EXERCISE INPUT Start Marker

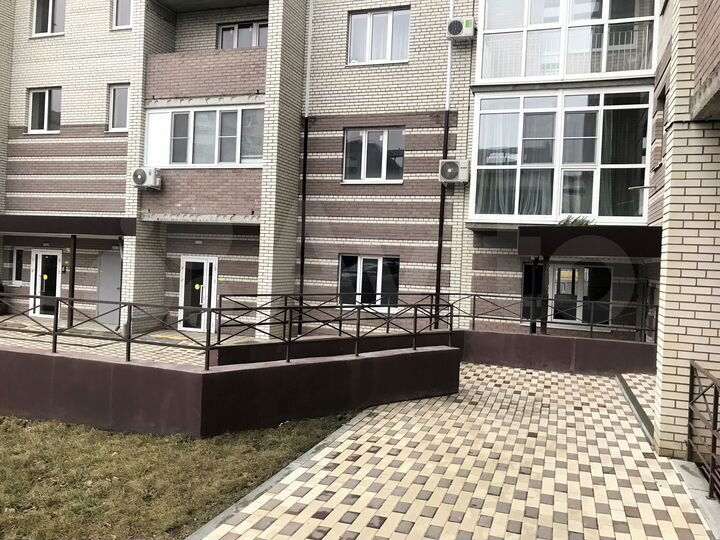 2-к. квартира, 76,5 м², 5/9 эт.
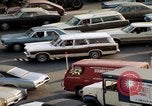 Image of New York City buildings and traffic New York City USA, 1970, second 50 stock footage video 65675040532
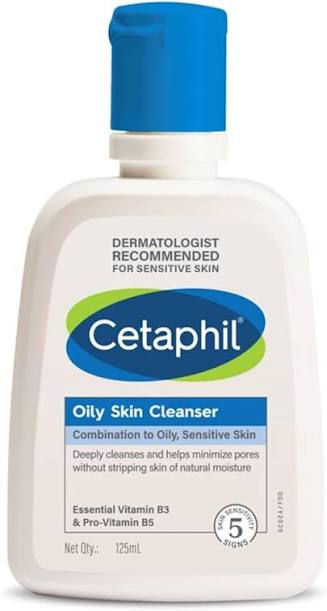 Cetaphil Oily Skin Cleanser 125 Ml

EXERCISE INPUT End Marker
EXERCISE INPUT Start Marker

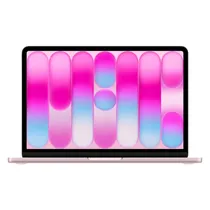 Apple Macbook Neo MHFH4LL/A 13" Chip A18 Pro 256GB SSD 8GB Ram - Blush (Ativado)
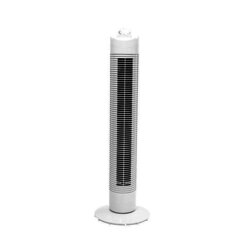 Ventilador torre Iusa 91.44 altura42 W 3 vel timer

EXERCISE INPUT End Marker

### PROBLEM
Copy exactly the lines of the listing above between the one holding "Apple Macbook Neo" and the one holding "Ventilador torre Iusa", inclusive; omit all pictures.

### EXERCISE RESPONSE
 Apple Macbook Neo MHFH4LL/A 13" Chip A18 Pro 256GB SSD 8GB Ram - Blush (Ativado)
 Ventilador torre Iusa 91.44 altura42 W 3 vel timer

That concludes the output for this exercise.